■ **Work order**
Begin with the line below holding "Photo of Jalpaiguri By Sphurti Rawat" and go on through the line holding "English Bulldog - Top 10 Facts - YouTube", duplicating each line exactly and leaving out pictures.

■ **Data section**
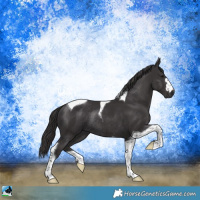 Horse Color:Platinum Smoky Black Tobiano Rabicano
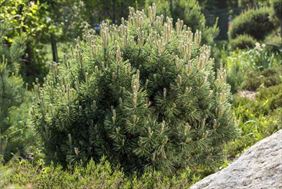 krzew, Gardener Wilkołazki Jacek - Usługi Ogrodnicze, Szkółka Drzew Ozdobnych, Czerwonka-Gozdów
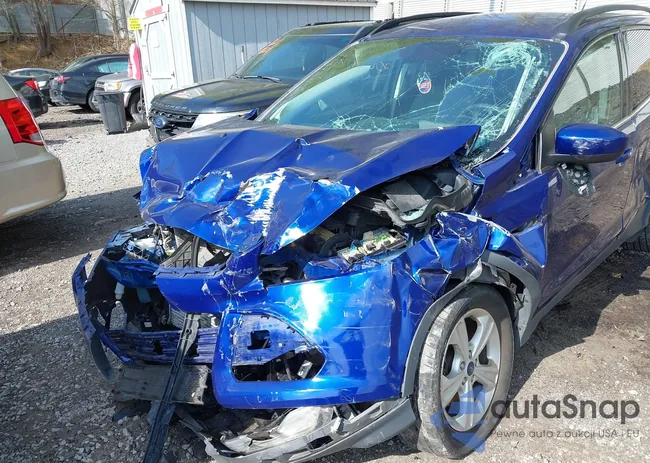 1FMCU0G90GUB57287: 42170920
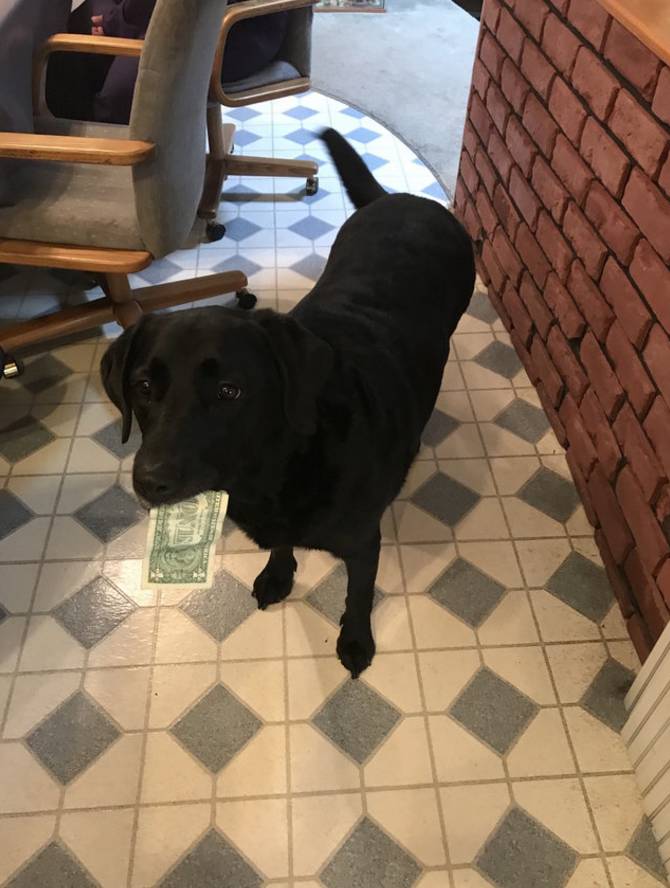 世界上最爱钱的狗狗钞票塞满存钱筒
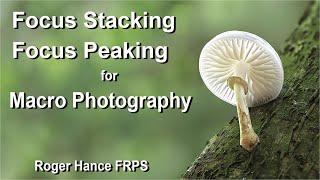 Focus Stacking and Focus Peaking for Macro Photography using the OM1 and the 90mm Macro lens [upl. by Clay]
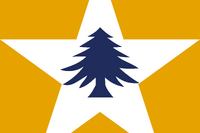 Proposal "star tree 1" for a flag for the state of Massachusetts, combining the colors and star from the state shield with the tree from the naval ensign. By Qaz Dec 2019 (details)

---

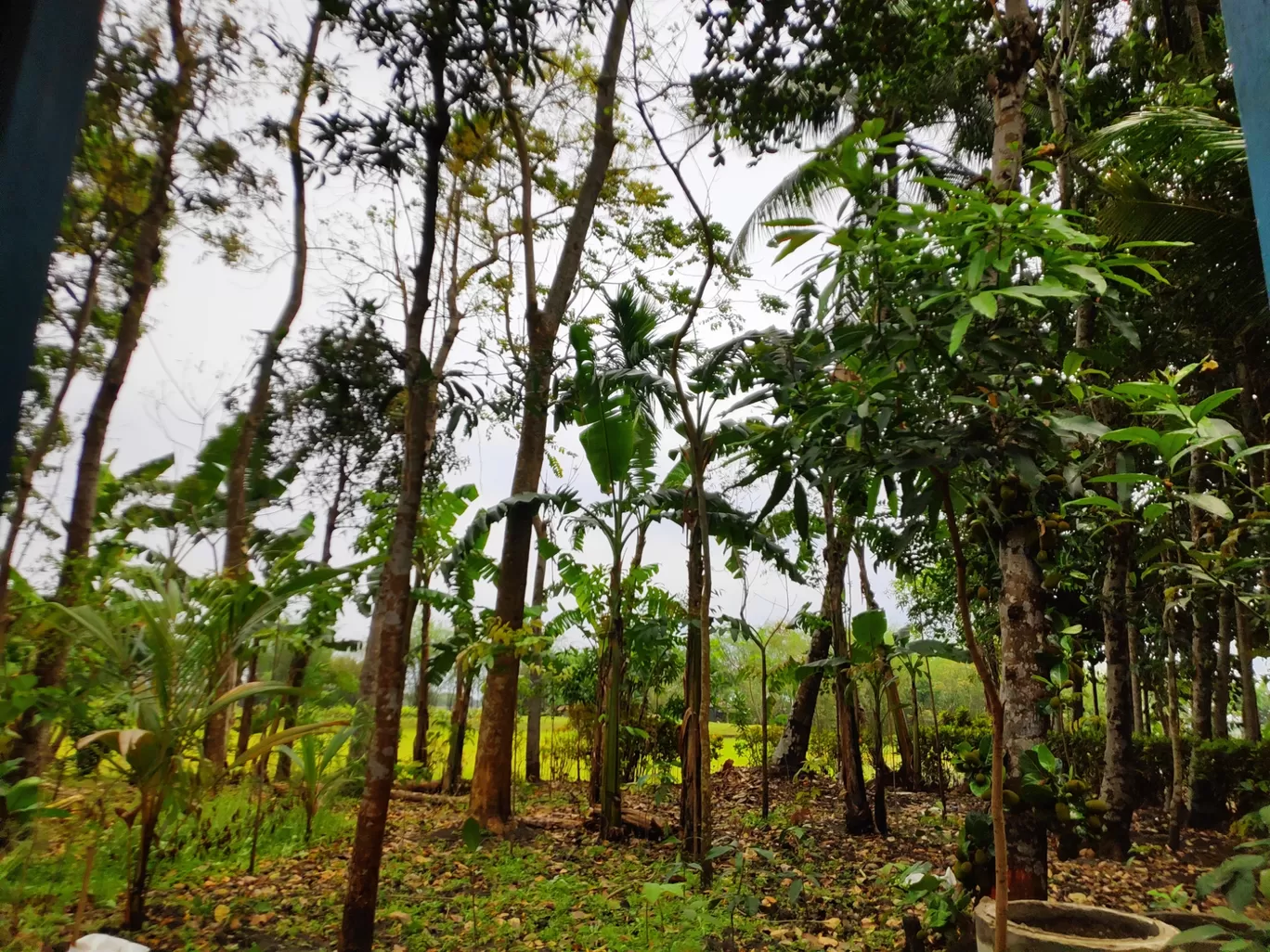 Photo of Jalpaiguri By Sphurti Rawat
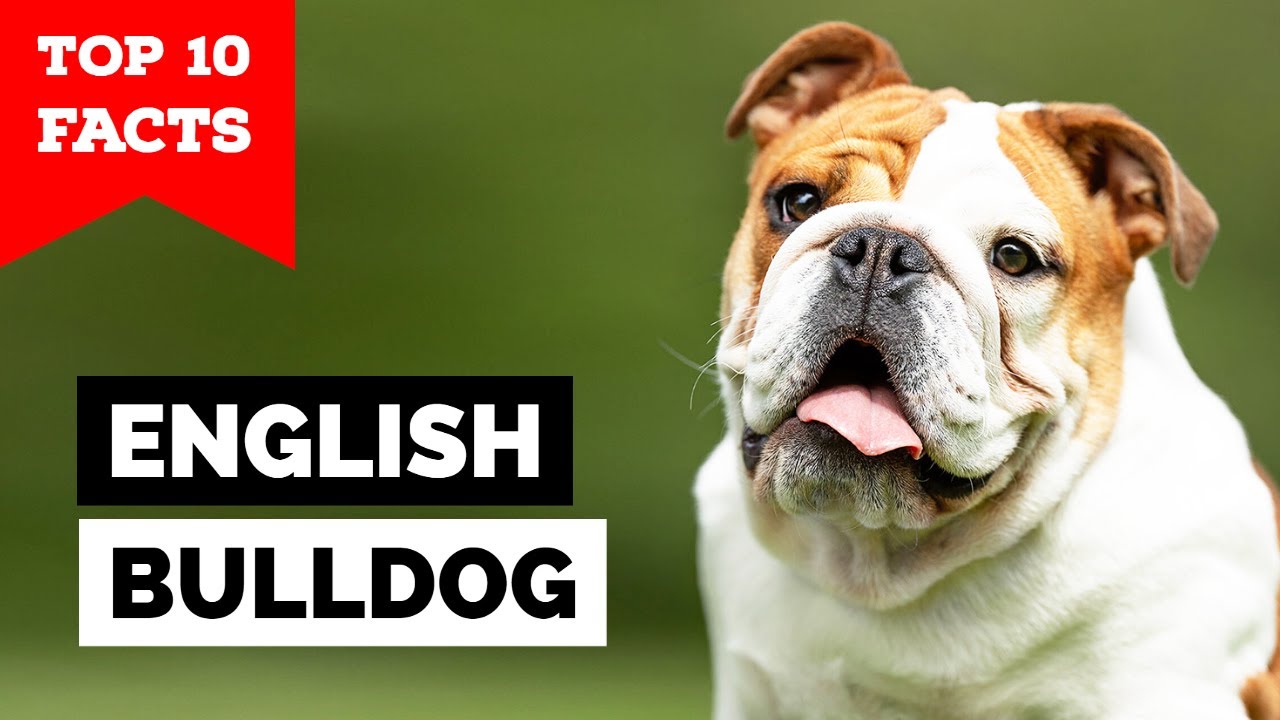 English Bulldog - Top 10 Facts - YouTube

■ **The answer**
 Photo of Jalpaiguri By Sphurti Rawat
 English Bulldog - Top 10 Facts - YouTube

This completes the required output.